Closed DasSkelett closed 3 years ago
I like the idea of making the visualization pages admin-only, since then we could put the new routes at /admin/profiling
and /admin/profiling/<int:id>
, which would help to keep them out of the way of the normal site routes.
It might even make sense to make profiling the default admin page, because the list of users isn't really that interesting.
On closer inspection, I am not sure that flask-profiler
and snakeviz
are compatible.
flask-profiler
seems to only collect HTTP headers, start time, and elapsed time, which could be useful to a project that wishes to find out which of their routes are slow, but does not provide the kind of stack trace sampling that would be needed for flame/icicle graphs.
snakeviz
says that it parses data files generated by cProfiler
, which is not what flask-profiler
seems to be doing. Maybe there is another plugin that can do it...
Also looked at Flask-Profile
/ flask.ext.profile
, which seems about the same, it just collects route run times rather than stack trace samples.

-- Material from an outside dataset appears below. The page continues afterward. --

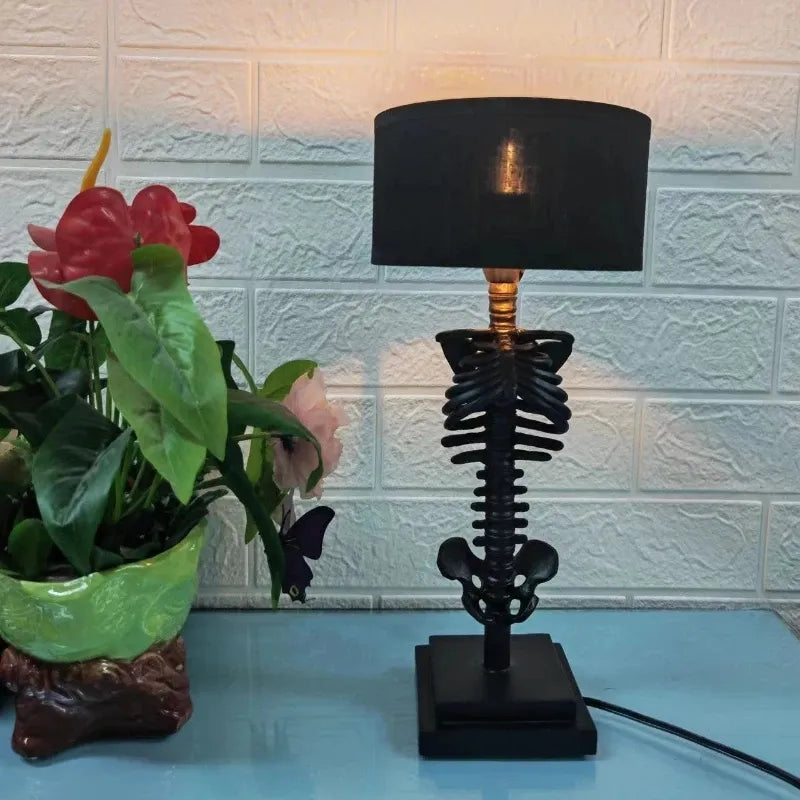 Edgy Skull Table Lamp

This one mentions both Flask and cProfiler. https://werkzeug.palletsprojects.com/en/1.0.x/middleware/profiler/ Possibly we could dump data into a directory and then get a listing of those files for the visualization page. But so far I don't see how to turn it on and off for different requests; it seems that it would profile everything once you enable it.
snakeviz
seems to depend on IPython / Jupyter, so it may not be able to generate visualizations in a flask process (even though it says it is "a browser based graphical viewer").
More chances to get my hopes up:
This one turns a .prof file from cProfile into an .svg, maybe we could run that in a scheduled task to pre-render all the data we've accumulated, then list the .svg files in the profiling admin route; or it even has a mode where it outputs svgs directly into the profiling directory!:
For the record on GitHub, profiling works great, and we've already done some huge optimizations and some are still in the pipeline (#345, #370), the nightly slowdowns are not solved, instead they seen to be even worse.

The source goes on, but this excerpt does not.